If you really think there is a better solution to this, I would suggest you propose some viable alternative. So far all I've heard for the opponents of this change is, either "everything is fine" or "this is not the way", while conveniently ignoring the fact that there is an actual problem that needs a solution.

That said, I do generally agree, with you that mandatory verification for *all* apps would be overkill. But that is not what Google has announced in their latest blog posts. Yes, the flow to disable verification and the exemptions for hobbyists and students are just vague promises for now. But the public timeline (https://developer.android.com/developer-verification#timelin...) states developer verification will be generally available in March 2026. Why publish this letter now and not wait a few weeks so we can see what Google actually is planning before getting everybody outraged about it?

[Dusseldorf]

Because without this early resistance, there wouldn't even be vague promises of hobbyist/student exemptions.

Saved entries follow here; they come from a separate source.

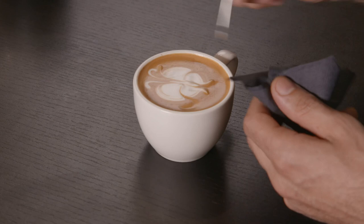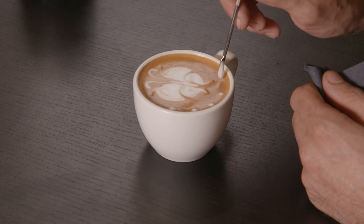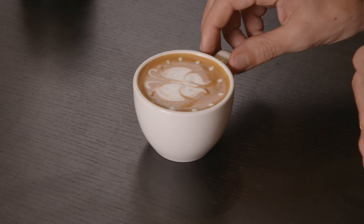If you want to make it more special, you just put a little bit of foam like this, and the butterfly is done. It's kind of nice. I'll see you next time.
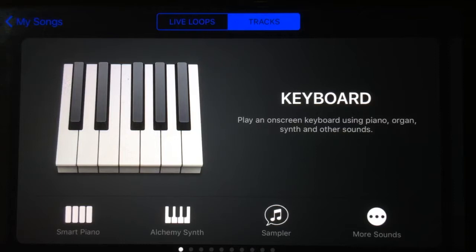Hey, Pete here for Studio Life. The brand new GarageBand for iOS has just been released, so if you've been thinking about upgrading, it is definitely time to update that app and get this new version because it's pretty darn cool. I'm going to go through some of the new and interesting features here in the next few minutes.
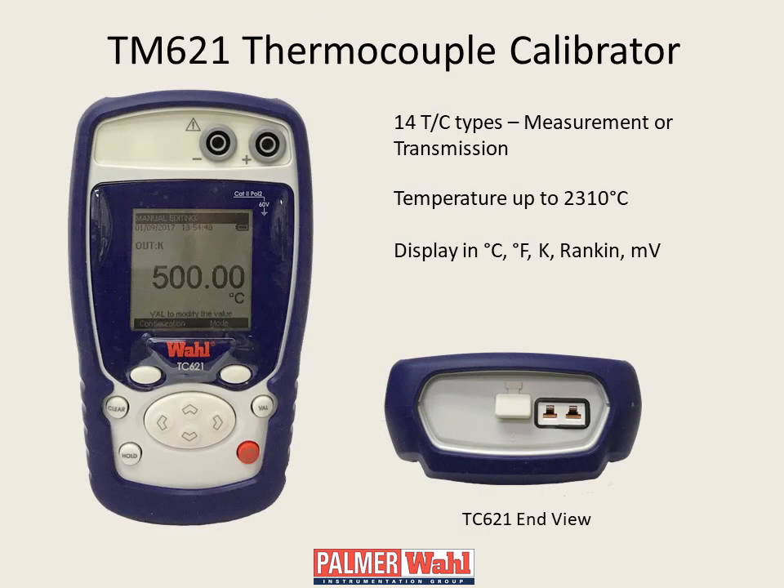The Palmer Wall pocket calibrator family starts with the TC621 thermocouple calibrator, which measures or simulates 14 thermocouple types at temperatures up to 2310 degrees C. The calibrator includes two banana jacks, a miniature thermocouple connector, and a mini-USB port.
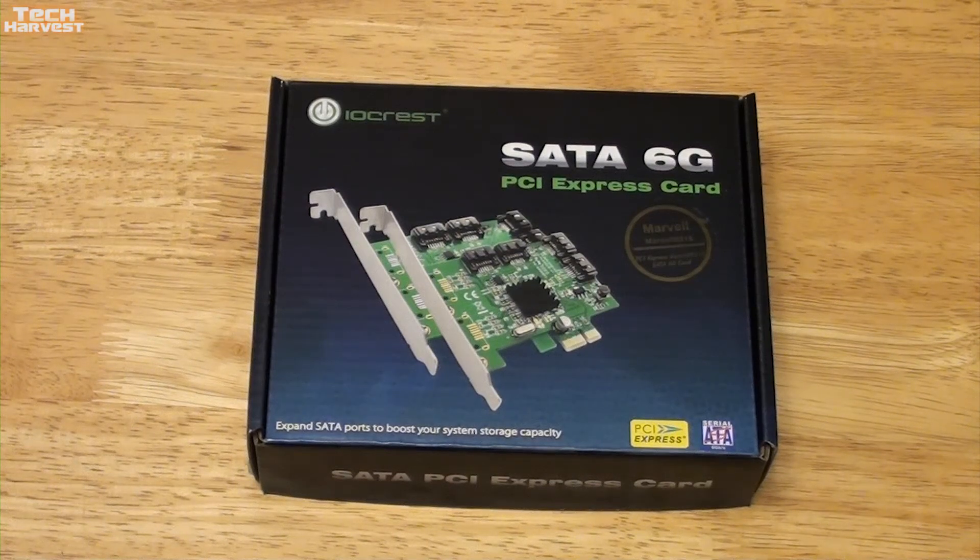I use a Dell Precision T7500 workstation to edit all my videos here on Tech Harvest. It's a very powerful machine. The thing about that motherboard in that computer, though, is that it's a SATA 2 motherboard.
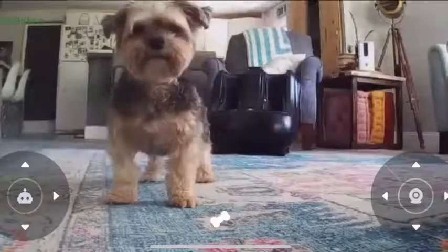My dog loves it too. It's just a really great way to keep an eye on your dog or your cat when you're not home. It's also a lot of fun. It's really easy to use — you just download an app and control it from your phone, and you can record videos and take pictures.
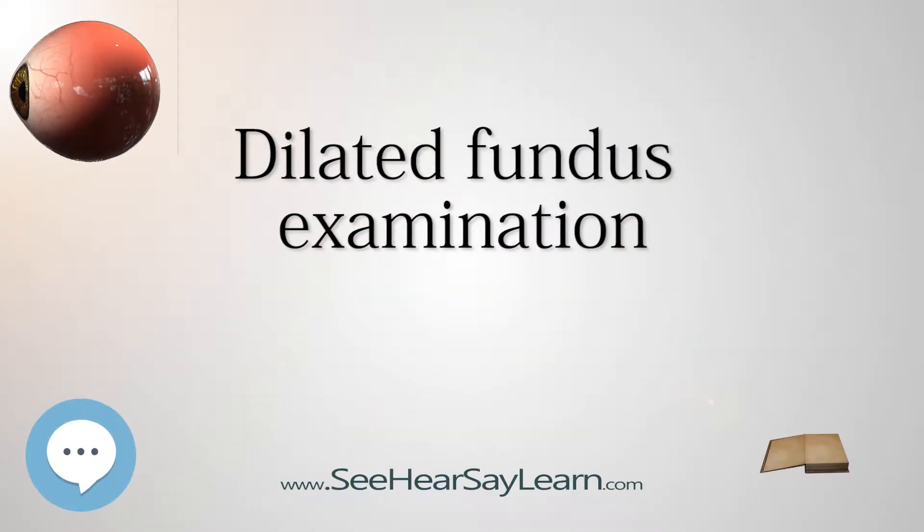Dilated fundus examination, or dilated pupil fundus examination (D.F.E.), is a diagnostic procedure that employs the use of mydriatic eye drops, such as tropicamide, to dilate or enlarge the pupil in order to obtain a better view of the fundus of the eye.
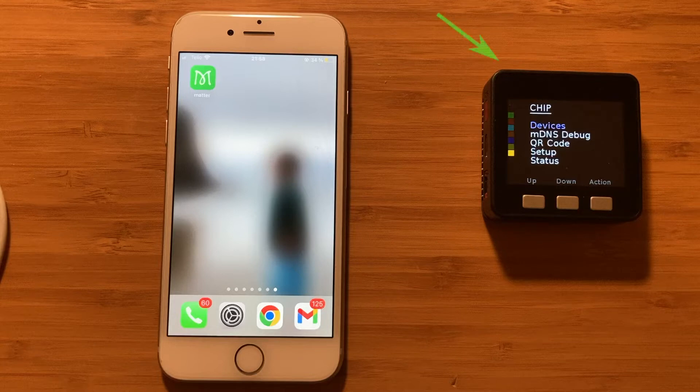Here's the setup. I have a Matter device — an ESP32 dev kit with a screen — where I installed the Matter example lighting app. You can think of it as a light bulb with Matter protocol support. I also have an app called iMatter installed on my iPhone. I'll use this app to set up the Matter device, and eventually we want to see the Matter device successfully set up so we can control it from our phone.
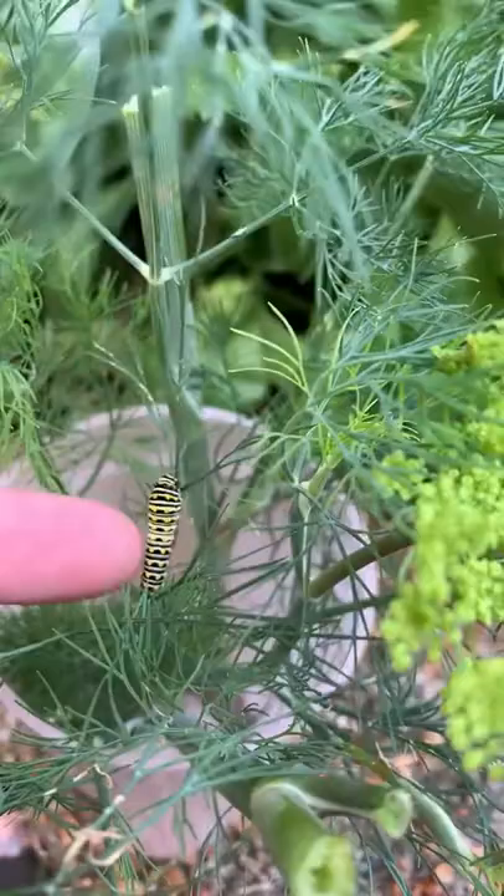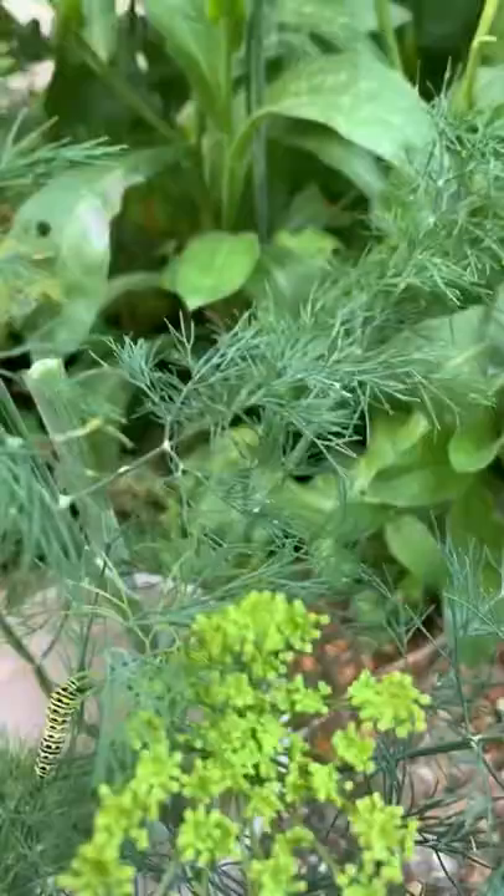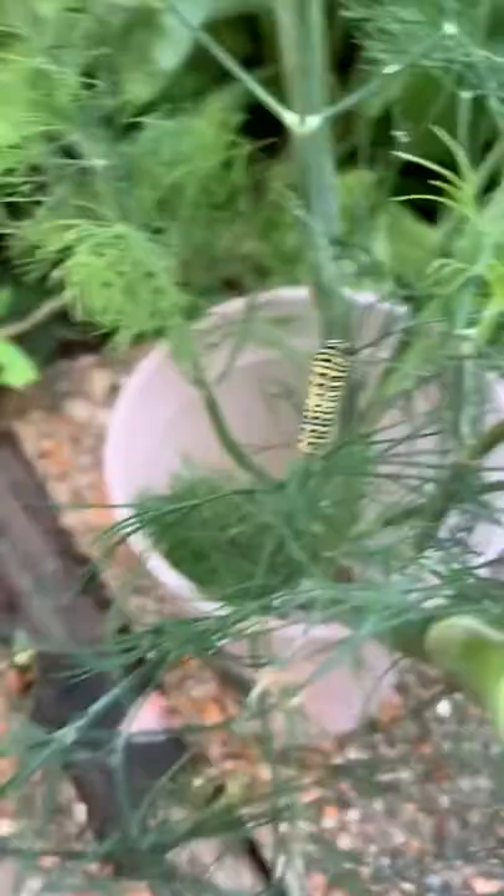This is our one swallowtail friend. He's not gonna put his horns up for me. But we want to share with you some eggs that are here — if I find any more, we'll point them out. We just want to make sure our friends here have plenty to eat.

I think it's important to make community objection to the entire idea known loud and clear, especially when changes like these are absolutely ratcheting.

[kodebach]

Starting from their first announcement of this, Google has explicitly asked for comments and feedback from affected developers. They have a Google Form for exactly that linked on all the announcement pages.

The exceptions for students/hobbyist were always promised, but the "advanced flow" came later based on this feedback. AFAICT Google has, so far, only made things better after the initial announcement. I don't see why we shouldn't give them the benefit of doubt, at least until we have some specifics.

Pushing this open letter out just days/weeks before Google promised the next major update just seems off.